Two families of status codes appear for WebSocket deployments:

* **HTTP status codes** for connections that failed before the WebSocket upgrade completed.
* **WebSocket close codes** for connections that completed the upgrade and later closed.

#### HTTP status codes

| Code  | Label           | What it means                                                                                                                          |
| ----- | --------------- | -------------------------------------------------------------------------------------------------------------------------------------- |
| `408` | Request timeout | The WebSocket upgrade request timed out before a replica accepted it.                                                                  |
| `504` | Gateway timeout | No replica became available in time. Typically indicates a cold start that exceeded the configured timeout, or a saturated deployment. |

#### WebSocket close codes

[RFC 6455](https://datatracker.ietf.org/doc/html/rfc6455#section-7.4) defines the full set of WebSocket close codes. The Metrics page surfaces this subset:

| Code   | Label                       | What it means                                                                                           |
| ------ | --------------------------- | ------------------------------------------------------------------------------------------------------- |
| `1000` | Normal closure              | Either side closed the connection cleanly. This is normal, expected traffic.                            |
| `1001` | Going away                  | One side is going away, for example a replica restarting or a browser navigating away.                  |
| `1002` | Protocol error              | One side sent a frame that violates the WebSocket protocol.                                             |
| `1003` | Unsupported data            | One side received a frame type it cannot accept, for example binary data on a text-only endpoint.       |
| `1005` | No status received          | The connection closed without a status code.

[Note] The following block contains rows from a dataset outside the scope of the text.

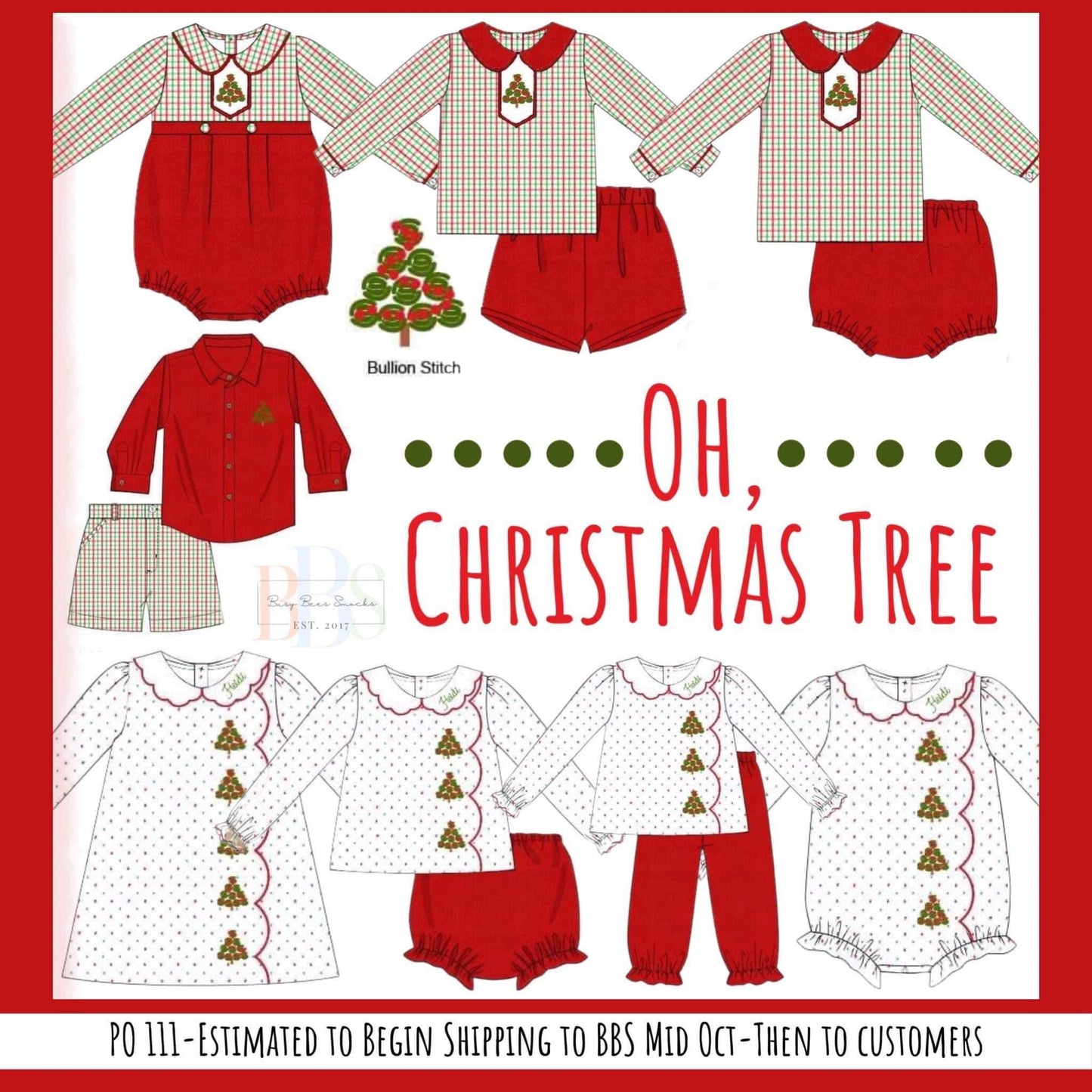 RTS: Oh, Christmas Tree- Boys Woven Traditional Short Set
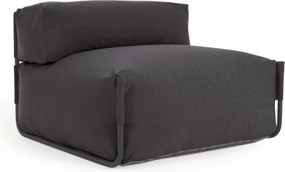 Kave Home - Pouf divano modulare schienale 100% outdoor Square grigio scuro e alluminio nero 101x101cm
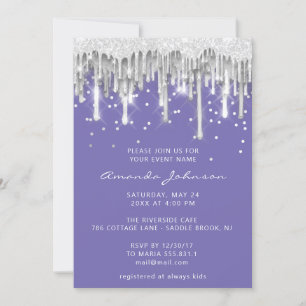 Invitación Purpurina  Boda de novia Gris morado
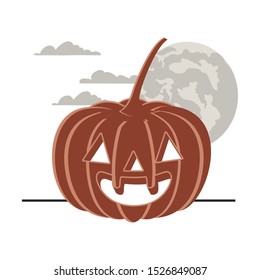 halloween pumpkin with face and moon vector illustration design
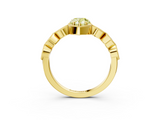 Yellow gold Fancy Yellow Pear  Cut Diamond Milgrain Marquise Band with Prong Setting_6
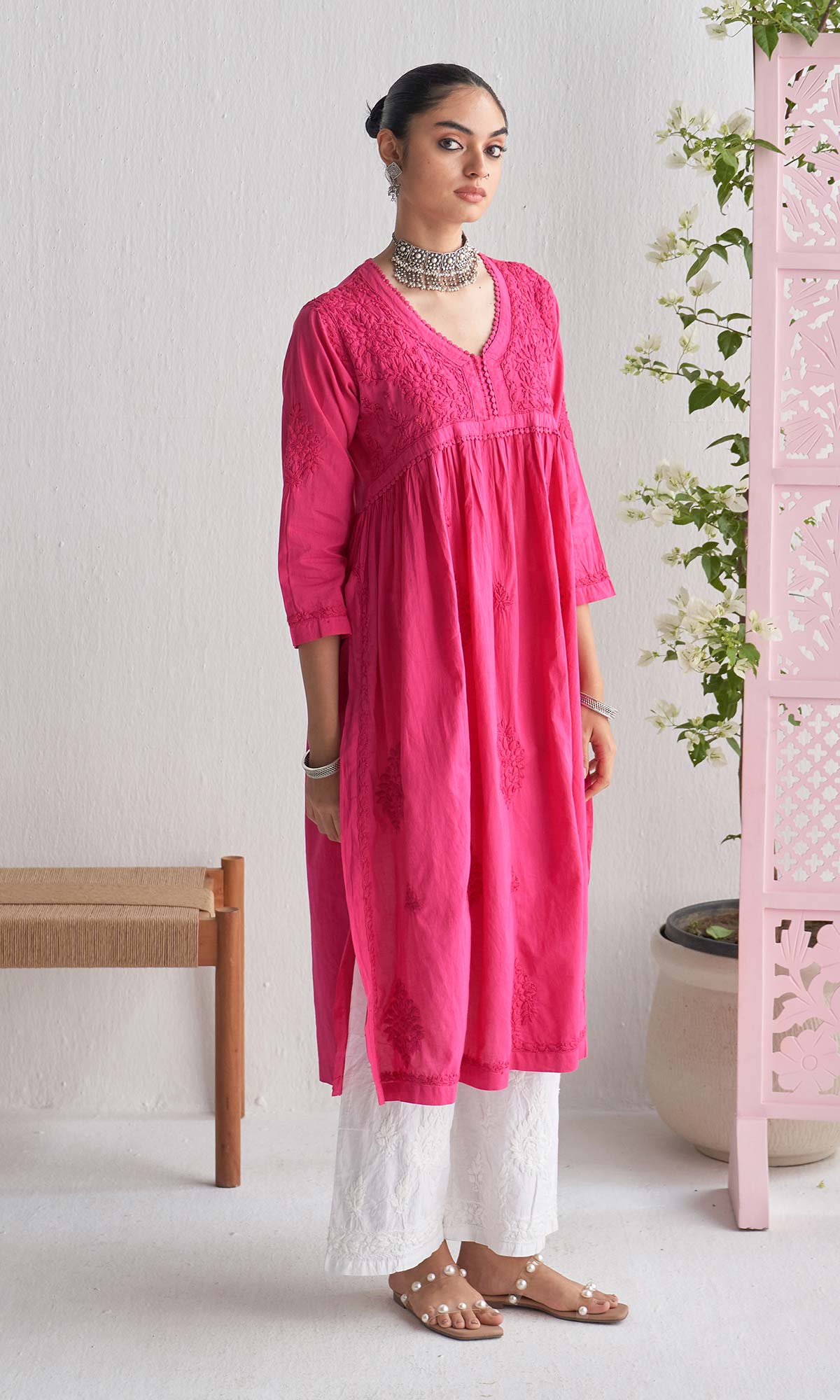 Handcrafted Chikankari Pink A-Line Short Yoke Kurta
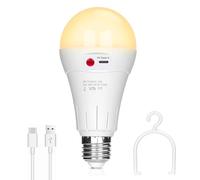 Bombilla recargable USB, 10 W, E27 LED de control por botón, intensidad variable, bombilla de batería 2000 mAh con gancho para iluminación de emergencia interior/exterior (blanco cálido, 1 paquete)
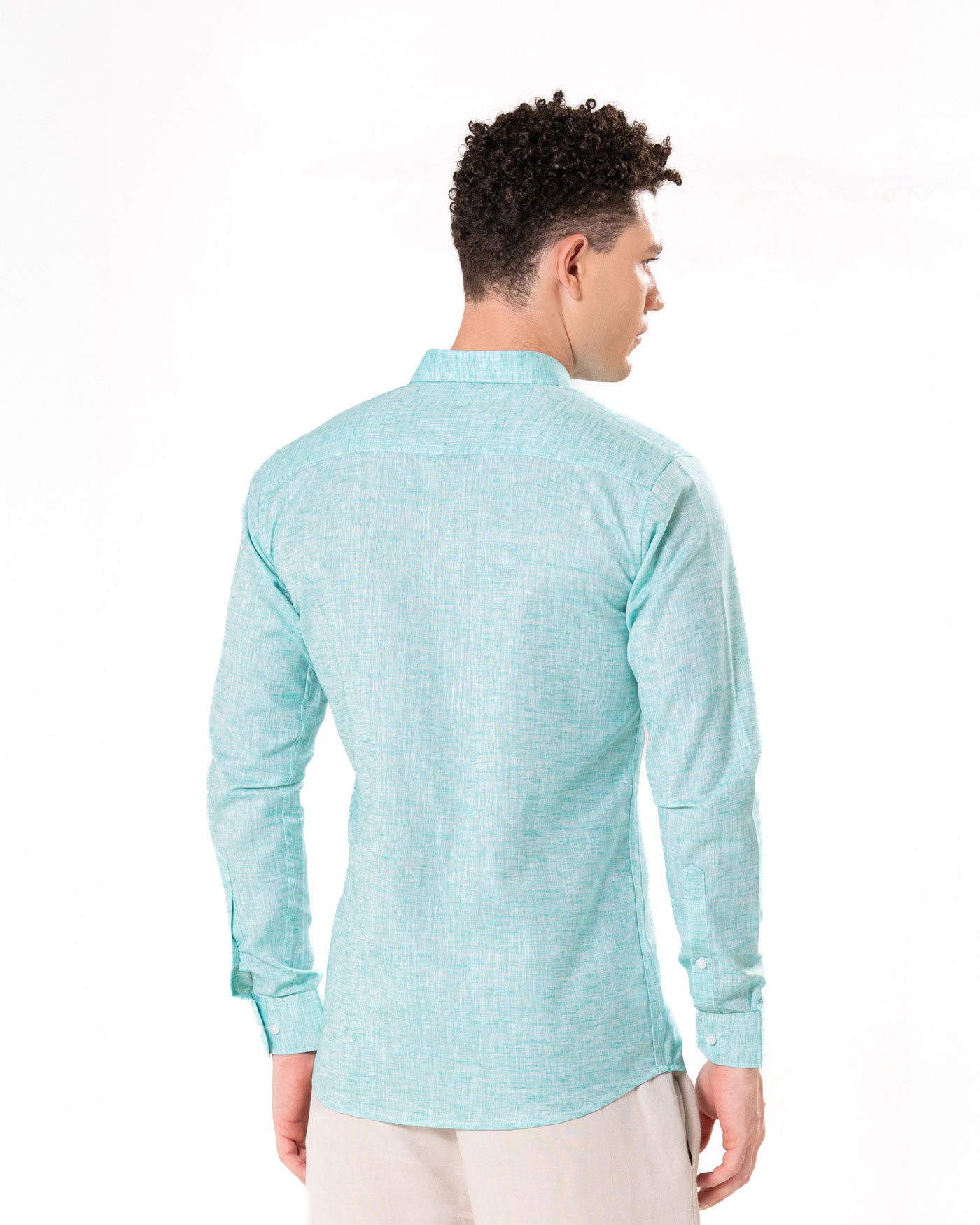 Neutonss Green Linen Plain Shirt - Bullane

Reserved and not sent on the wire.                         |
| `1006` | Abnormal closure            | The connection dropped without a close frame. Usually caused by a network failure or a replica crash.   |
| `1007` | Invalid frame payload data  | A message payload was inconsistent with its declared type, for example non-UTF-8 bytes in a text frame. |
| `1008` | Policy violation            | One side closed the connection for a policy reason it did not want to publish.                          |
| `1009` | Message too big             | A message exceeded the 100 MiB per-message limit. See [Maximum message size](#maximum-message-size).    |
| `1010` | Mandatory extension missing | The client expected a WebSocket extension that the server did not negotiate.                            |
| `1011` | Internal error              | The server side hit an unexpected error that forced the connection to close. Check your model logs.     |
| `1012` | Service restart             | The replica is restarting.                                                                              |
| `1013` | Try again later             | The replica is temporarily overloaded.                                                                  |
| `1014` | Bad gateway                 | An upstream gateway returned an invalid response.                                                       |
| `1015` | TLS handshake failure       | Reserved and not sent on the wire.                                                                      |

For the full specification, see [CloseEvent codes on MDN](https://developer.mozilla.org/en-US/docs/Web/API/CloseEvent/code).

<Note>
  The Metrics page filters out codes that don't help with debugging model behavior, such as rate-limit responses and connections that never reached a terminal state. Grafana and other lower-level tools might show these codes anyway.
</Note>

### End-to-end connection duration

Duration is measured from when the connection opens to when it closes, and published after the connection ends. Reported at p50, p90, p95, and p99.

### Connection input and output size

Cumulative bytes transferred over the connection's lifetime, reported at p50, p90, p95, and p99:

* **Connection input size:** Bytes sent by the client to the server.
* **Connection output size:** Bytes sent by the server to the client.